Em 1944, Gilberto Freire, numa conferência no Teatro José de Alencar, em Fortaleza, intitulada “Precisa-se do Ceará, perguntava: “Melhoradas as condições de vida e aumentadas as oportunidades de êxito, no próprio Ceará, continuará o cearense a emigrar e a difundir seus traços por esses outros estados?” Continuará a haver um cearense nômade, “cigano”, “judeu”?

Acredito que sim, viajar é da formação, é a sina dessa gente. Santo Agostinho dizia que o destino coincide substancialmente com a vontade de Deus. Para o professor mineiro Fausto de Brito, demógrafo da Universidade de Minas, esse movimento de pessoas faz parte da dinâmica das sociedades.
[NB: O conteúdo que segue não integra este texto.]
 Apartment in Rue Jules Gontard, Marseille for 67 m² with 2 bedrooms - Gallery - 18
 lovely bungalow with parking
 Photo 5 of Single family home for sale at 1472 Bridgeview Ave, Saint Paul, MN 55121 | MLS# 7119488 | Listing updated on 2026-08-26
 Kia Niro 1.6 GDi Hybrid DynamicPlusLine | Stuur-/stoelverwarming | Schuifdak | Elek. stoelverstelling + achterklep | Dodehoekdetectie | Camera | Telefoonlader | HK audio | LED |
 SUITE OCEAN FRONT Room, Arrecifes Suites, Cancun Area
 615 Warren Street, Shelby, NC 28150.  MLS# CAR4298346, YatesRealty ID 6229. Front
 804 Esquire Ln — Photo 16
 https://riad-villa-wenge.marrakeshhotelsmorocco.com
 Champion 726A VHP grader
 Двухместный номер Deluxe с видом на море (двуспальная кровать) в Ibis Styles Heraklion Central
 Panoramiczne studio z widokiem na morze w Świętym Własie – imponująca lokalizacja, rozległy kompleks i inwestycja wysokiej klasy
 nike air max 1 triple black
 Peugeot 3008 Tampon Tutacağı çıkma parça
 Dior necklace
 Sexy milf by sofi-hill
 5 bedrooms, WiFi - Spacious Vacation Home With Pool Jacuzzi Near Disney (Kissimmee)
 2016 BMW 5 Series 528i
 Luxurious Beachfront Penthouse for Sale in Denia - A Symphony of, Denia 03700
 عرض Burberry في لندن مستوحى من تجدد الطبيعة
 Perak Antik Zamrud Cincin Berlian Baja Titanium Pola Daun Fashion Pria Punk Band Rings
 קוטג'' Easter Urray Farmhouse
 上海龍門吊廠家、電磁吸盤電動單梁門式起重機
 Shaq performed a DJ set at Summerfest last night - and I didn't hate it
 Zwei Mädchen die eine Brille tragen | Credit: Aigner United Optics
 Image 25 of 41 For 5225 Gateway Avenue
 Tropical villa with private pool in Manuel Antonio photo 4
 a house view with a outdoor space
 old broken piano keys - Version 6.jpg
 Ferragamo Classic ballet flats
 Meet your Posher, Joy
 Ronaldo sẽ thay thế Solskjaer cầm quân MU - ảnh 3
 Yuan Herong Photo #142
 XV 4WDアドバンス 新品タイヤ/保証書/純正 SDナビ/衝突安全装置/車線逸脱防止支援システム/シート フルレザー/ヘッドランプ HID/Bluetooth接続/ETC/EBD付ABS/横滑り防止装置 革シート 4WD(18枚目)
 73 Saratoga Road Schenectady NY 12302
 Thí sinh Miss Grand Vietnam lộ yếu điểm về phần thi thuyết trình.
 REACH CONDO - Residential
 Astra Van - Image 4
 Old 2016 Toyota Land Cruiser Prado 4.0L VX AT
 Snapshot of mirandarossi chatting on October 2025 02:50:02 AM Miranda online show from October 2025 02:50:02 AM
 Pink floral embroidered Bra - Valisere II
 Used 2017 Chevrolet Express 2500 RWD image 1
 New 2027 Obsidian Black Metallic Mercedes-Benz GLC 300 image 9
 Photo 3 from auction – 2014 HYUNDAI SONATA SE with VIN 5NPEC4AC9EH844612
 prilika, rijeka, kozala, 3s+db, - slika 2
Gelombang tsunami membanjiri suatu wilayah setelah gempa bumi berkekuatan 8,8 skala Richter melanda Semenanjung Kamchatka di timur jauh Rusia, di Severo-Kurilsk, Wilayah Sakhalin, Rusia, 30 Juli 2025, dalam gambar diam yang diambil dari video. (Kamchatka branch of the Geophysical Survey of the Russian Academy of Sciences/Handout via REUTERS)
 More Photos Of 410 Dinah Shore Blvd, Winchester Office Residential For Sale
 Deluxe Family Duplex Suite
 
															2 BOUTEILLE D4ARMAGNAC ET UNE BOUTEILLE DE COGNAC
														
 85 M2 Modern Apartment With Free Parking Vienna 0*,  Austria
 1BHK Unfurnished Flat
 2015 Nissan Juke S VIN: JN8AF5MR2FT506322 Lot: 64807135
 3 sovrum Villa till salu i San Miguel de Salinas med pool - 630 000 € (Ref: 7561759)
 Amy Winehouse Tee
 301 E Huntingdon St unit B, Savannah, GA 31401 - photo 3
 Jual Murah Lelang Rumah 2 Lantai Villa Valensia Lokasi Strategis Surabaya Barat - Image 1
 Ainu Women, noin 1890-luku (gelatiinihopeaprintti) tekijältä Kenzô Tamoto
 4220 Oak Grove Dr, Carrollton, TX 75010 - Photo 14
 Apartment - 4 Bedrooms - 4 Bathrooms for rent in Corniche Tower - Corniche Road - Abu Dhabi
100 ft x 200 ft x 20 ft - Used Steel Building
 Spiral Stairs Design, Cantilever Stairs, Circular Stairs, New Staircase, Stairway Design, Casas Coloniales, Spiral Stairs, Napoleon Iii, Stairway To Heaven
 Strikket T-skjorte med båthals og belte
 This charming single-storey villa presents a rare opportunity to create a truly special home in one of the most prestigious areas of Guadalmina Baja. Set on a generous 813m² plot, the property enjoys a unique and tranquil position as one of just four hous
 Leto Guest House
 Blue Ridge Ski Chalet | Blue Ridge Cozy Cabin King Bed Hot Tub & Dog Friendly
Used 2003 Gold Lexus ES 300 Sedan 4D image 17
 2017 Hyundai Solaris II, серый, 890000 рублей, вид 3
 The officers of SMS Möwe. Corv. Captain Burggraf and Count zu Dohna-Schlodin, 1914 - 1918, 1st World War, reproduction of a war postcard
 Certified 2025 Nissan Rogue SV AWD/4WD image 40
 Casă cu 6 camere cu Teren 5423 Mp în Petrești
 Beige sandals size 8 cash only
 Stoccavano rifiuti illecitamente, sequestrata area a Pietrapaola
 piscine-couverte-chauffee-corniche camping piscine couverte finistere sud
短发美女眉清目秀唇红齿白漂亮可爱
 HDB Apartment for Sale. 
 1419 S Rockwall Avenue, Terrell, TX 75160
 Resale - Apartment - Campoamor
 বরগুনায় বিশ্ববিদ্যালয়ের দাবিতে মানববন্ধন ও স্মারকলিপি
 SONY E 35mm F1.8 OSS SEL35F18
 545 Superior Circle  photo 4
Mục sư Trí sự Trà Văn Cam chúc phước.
E muitas histórias ainda vão ser contadas como a que Sérgio Porto imortalizou. O cearense em Moscou, desempregado, passando fome, chega a um Circo no momento em que o domador, desesperado, procurava uma solução para o espetáculo. Um dos leões acabara de morrer e o circo estava lotado. Ao ver aquele homem atarracado, cabeça chata, não pensou duas vezes. Contratou o cearense para se passar pelo leão. Colocou uma pele do animal, entrou na jaula e foi levado para o picadeiro. O que ele não sabia é que lá já estava um outro leão. Em pânico, imaginou rapidamente uma saída para intimidar a fera. Levantou as patas dianteiras, soltou um urro tão forte que até ele se espantou. Quando olhou, viu o outro leão, de joelhos, implorando: “Valha-me meu padim pade Ciço”.